- **EXERCISE OBJECTIVE**
Nothing but the lines from the one with "Lot 117 - *" through the final line of the entries should appear in the answer, copied exactly and without pictures.

- **RECORDS FOR THIS EXERCISE**
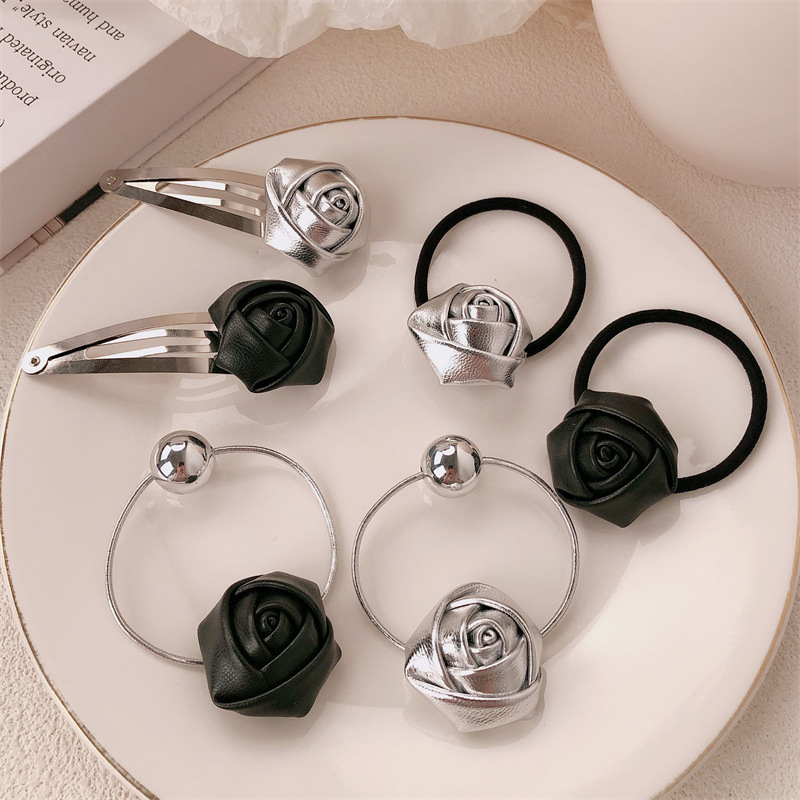 Cuerpo de corteza plateada rosa anillo de cabello cuerdas de cabello blogger red con doble cola de caballo estereoscópica correa de correa de cabello adorno de cabello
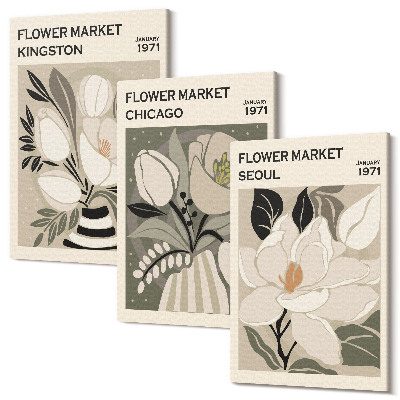 Sada obrazů na zeď triptych Květiny z trhů Kingston, Chicago a Soul v retro stylu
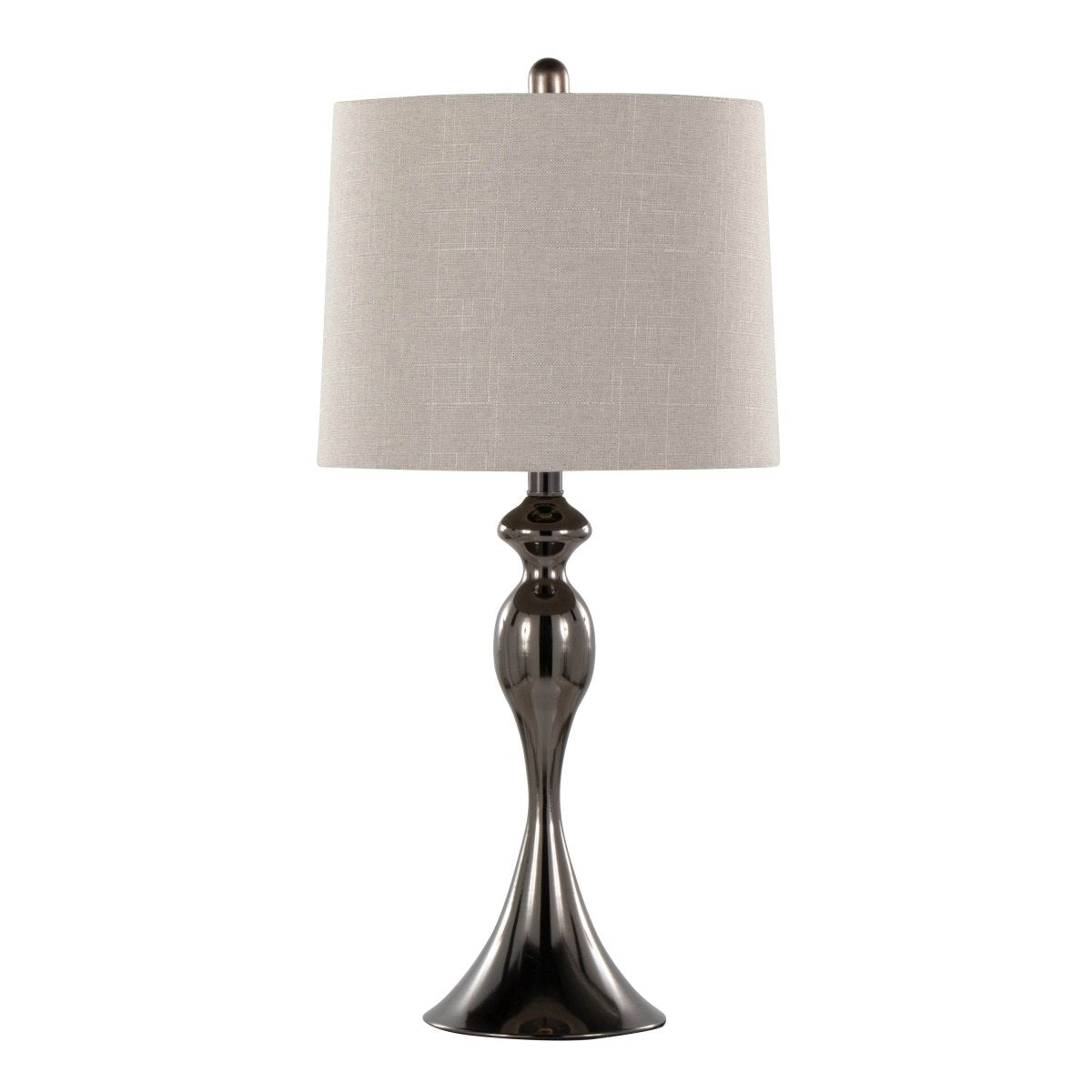 Set Of 2 Contemporary Gun Metal Table Lamps With Linen Shade - LumiSource - Sleep Galleria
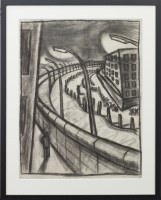 Lot 117 - * PETER HOWSON OBE, THE BERLIN WALL charcoal...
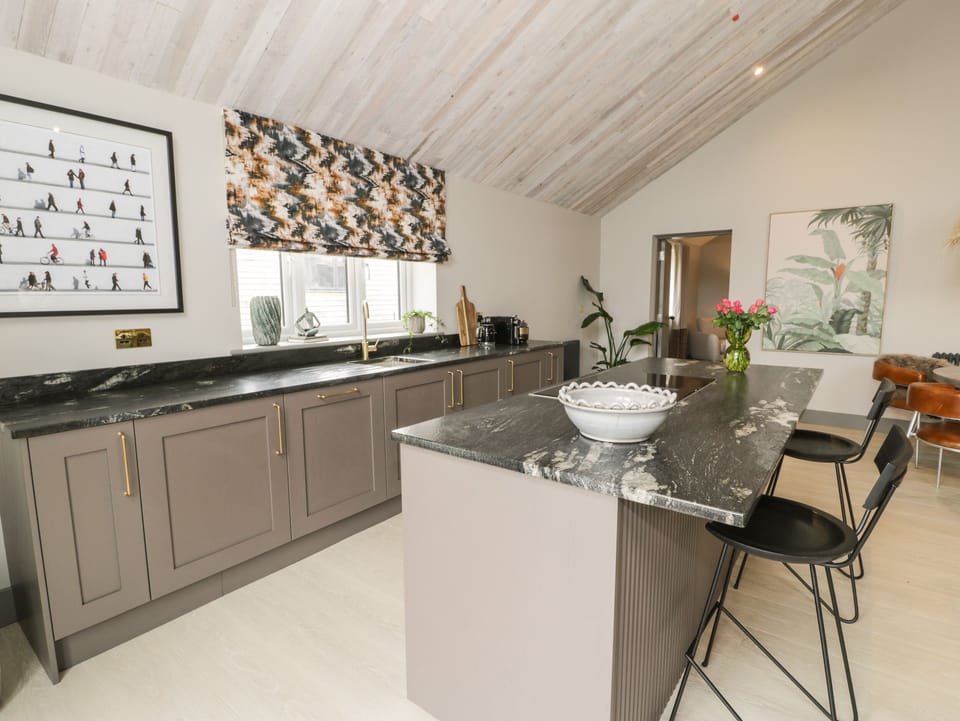 Fridge, dishwasher, electric kettle, toaster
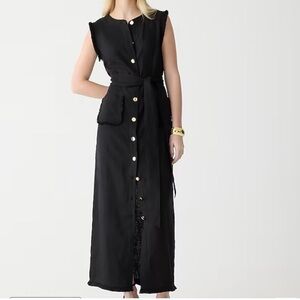 J. Crew Black Linen Raw Hem Maxi Dress in Small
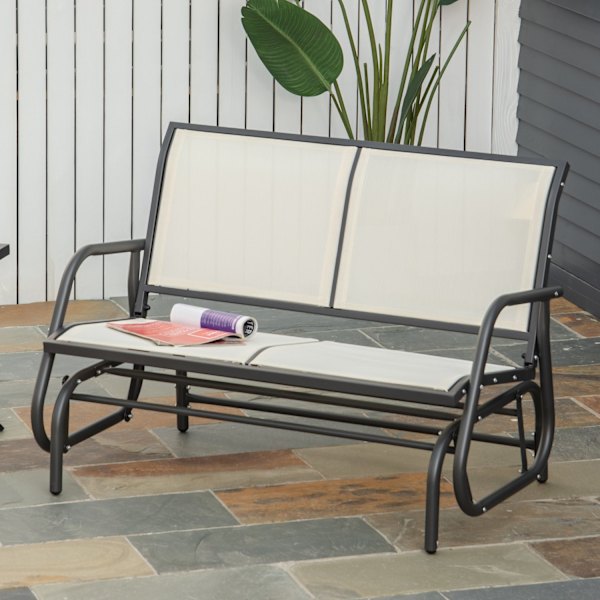 Keinutuoli 2-Istuttava Puutarhapenkki Puutarhakeinu Istuin Puistopenkki Metalli Puutarhakalusteet Musta + Beige 120 X 70 X 85 Cm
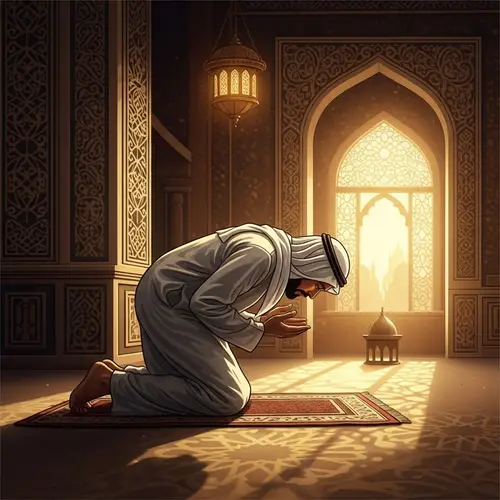 Islamic Art Inspired Photo: Person in Prayer with Warm Golden Light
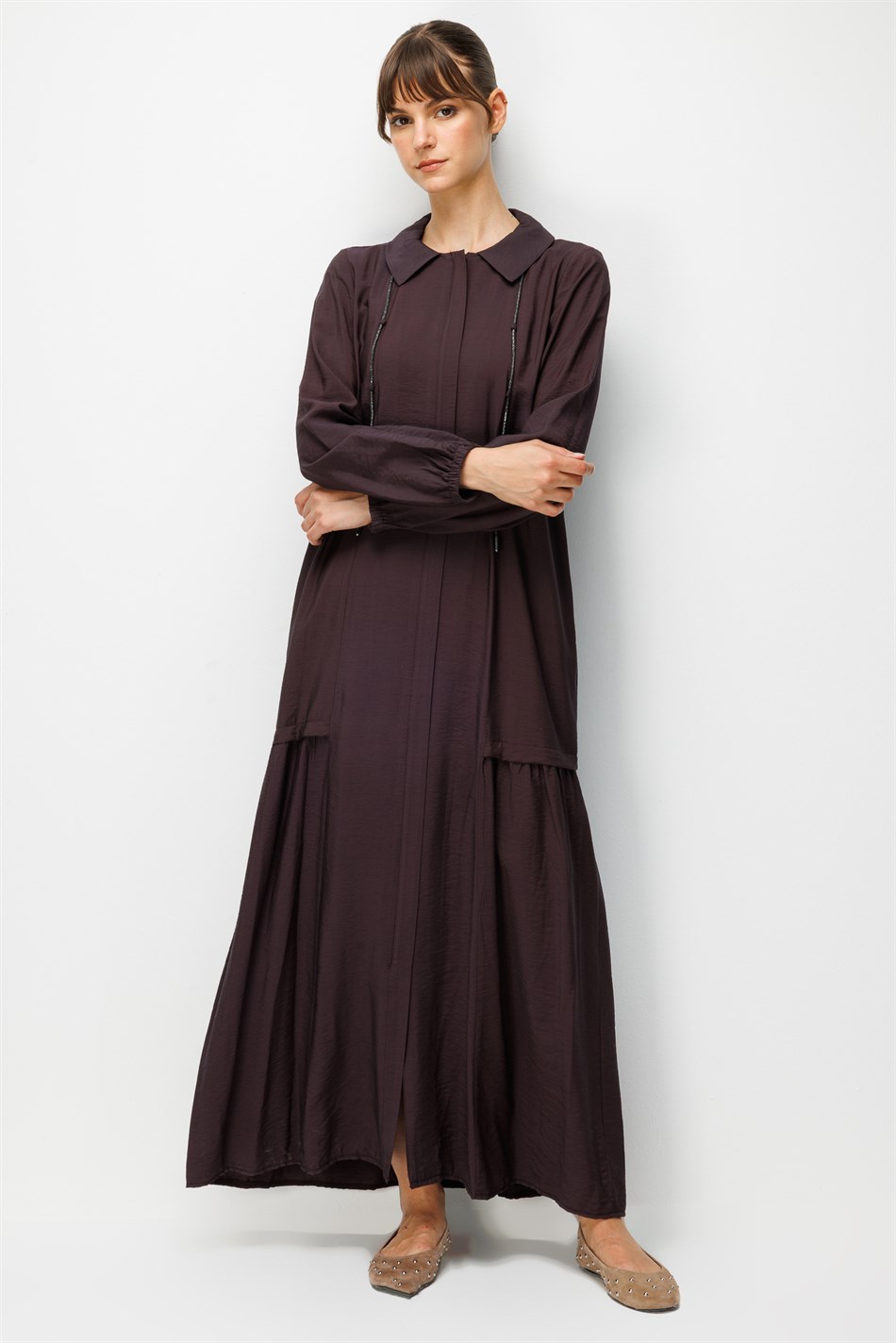 Goldy %85 LyoCELL Soft Kumaştan Yaka Zincir Aksesuarlı Zamansız Maxi Tunik-Elbise-Kahve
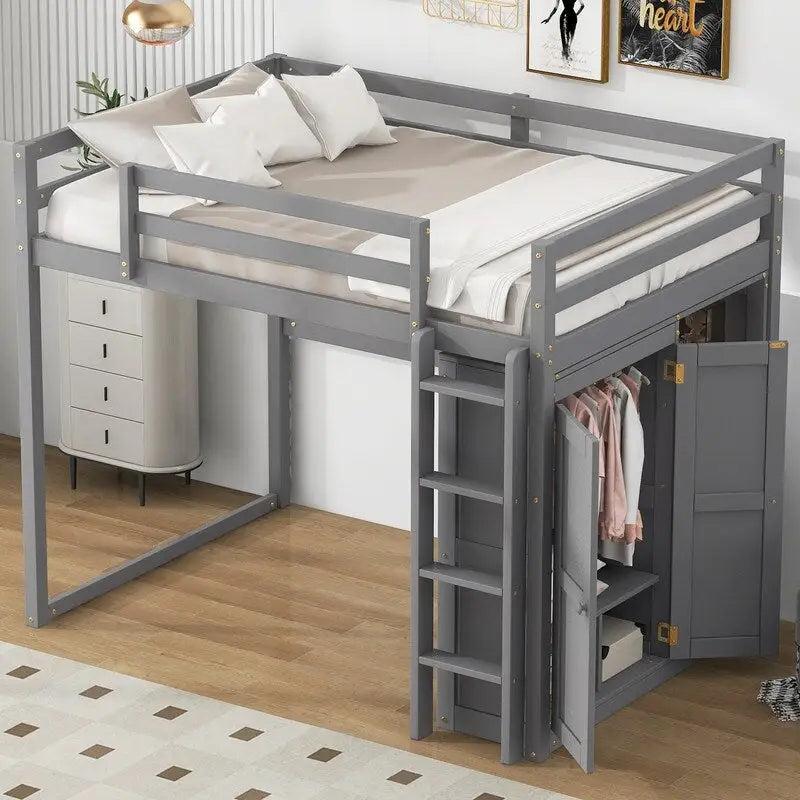 Wood Full Size Loft Bed with Built-in Wardrobe and Storage Shelves, Led light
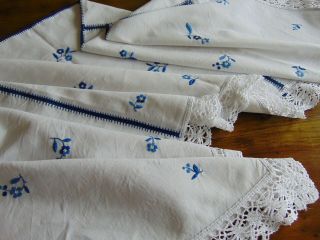 ANTIQUE PURE LINEN HAND EMBROIDERED/CROCHET BOBBIN LACE EDGE LARGE TABLECLOTH 2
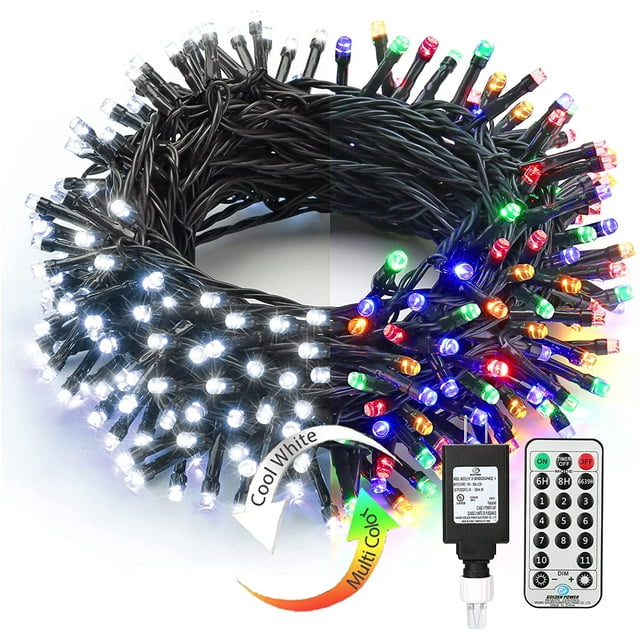 Dual Color Christmas Lights, 65.67ft 200 LED 11-Function Cool White & MultiColor Tree Lights, Dimmable 24V Safe Adapter Color Changing Outdoor Light String with Remote for Christmas Tree Party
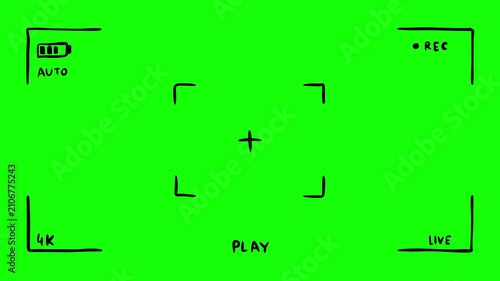 Hand drawn camera viewfinder interface overlay with record indicator, battery status, framing marks and live text on green screen chroma key background.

- **REPLY TO THE TASK**
 Lot 117 - * PETER HOWSON OBE, THE BERLIN WALL charcoal...
 Fridge, dishwasher, electric kettle, toaster
 J. Crew Black Linen Raw Hem Maxi Dress in Small
 Keinutuoli 2-Istuttava Puutarhapenkki Puutarhakeinu Istuin Puistopenkki Metalli Puutarhakalusteet Musta + Beige 120 X 70 X 85 Cm
 Islamic Art Inspired Photo: Person in Prayer with Warm Golden Light
 Goldy %85 LyoCELL Soft Kumaştan Yaka Zincir Aksesuarlı Zamansız Maxi Tunik-Elbise-Kahve
 Wood Full Size Loft Bed with Built-in Wardrobe and Storage Shelves, Led light
 ANTIQUE PURE LINEN HAND EMBROIDERED/CROCHET BOBBIN LACE EDGE LARGE TABLECLOTH 2
 Dual Color Christmas Lights, 65.67ft 200 LED 11-Function Cool White & MultiColor Tree Lights, Dimmable 24V Safe Adapter Color Changing Outdoor Light String with Remote for Christmas Tree Party
 Hand drawn camera viewfinder interface overlay with record indicator, battery status, framing marks and live text on green screen chroma key background.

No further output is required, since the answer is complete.